Charity Commission publishes outcome of inquiry into controversial academy school

The regulator concludes that payments agreed by the educational charity the Durand Education Trust to a company owned by the school's former head teacher were 'too generous'

Durand Academy
Durand Academy

Payments made by an educational charity to a company owned by the head teacher of a linked academy school were "too generous", the Charity Commission has concluded. 

The regulator has today published its report into its statutory inquiry into the Durand Education Trust, a charity that owns land occupied by the Durand Academy, which is run by the exempt charity the Durand Academy Trust.

The report says a contract was awarded on behalf of the education trust that the regulator estimated would be worth at least £2.6m to a company owned by Sir Greg Martin, the school’s former head teacher, while he was a trustee of DET, which the commission was not satisfied was "reasonable in all circumstances".

The commission also concludes that the DET failed to identify or manage conflicts of interest in its dealings with the academy trust and Martin.  

The academy replaced the former Durand Primary School, whose governors set up a trading company in 1997 called London Horizons to generate income for the school using the school’s buildings and leisure facilities.

In 2001, London Horizons awarded a contract to GMG, a company controlled and initially wholly owned by Martin, who was head teacher of the academy until 2015 and remains chair of the academy trust.
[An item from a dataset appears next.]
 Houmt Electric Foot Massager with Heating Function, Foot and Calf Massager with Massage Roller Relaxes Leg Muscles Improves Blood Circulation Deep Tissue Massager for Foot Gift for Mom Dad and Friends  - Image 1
When the school converted to an academy chain in 2010, it created DET and transferred its land and property to it.

GMG’s deal to manage the facilities was renewed for five years in 2012 under a contract which entitled the company to annual management fees, including a retainer of £32,360 and 15 per cent of gross turnover, plus a special termination fee which the Charity Commission estimated would be worth at least £1.8m.

The Education Funding Agency, which regulates the Durand Academy Trust, raised concerns over the 2012 contract following a review of DAT’s financial statements for 2012/13 and in February 2015 the commission opened a statutory inquiry into DET to investigate the decision to award the 2012 contract, whether Martin’s remuneration was reasonable and whether adequate governance arrangements were in place to protect DET’s interests.

The commission’s report into its inquiry says today that both the 2001 and the 2012 contracts allowed Martin to be remunerated above what he was earning as the school’s head teacher.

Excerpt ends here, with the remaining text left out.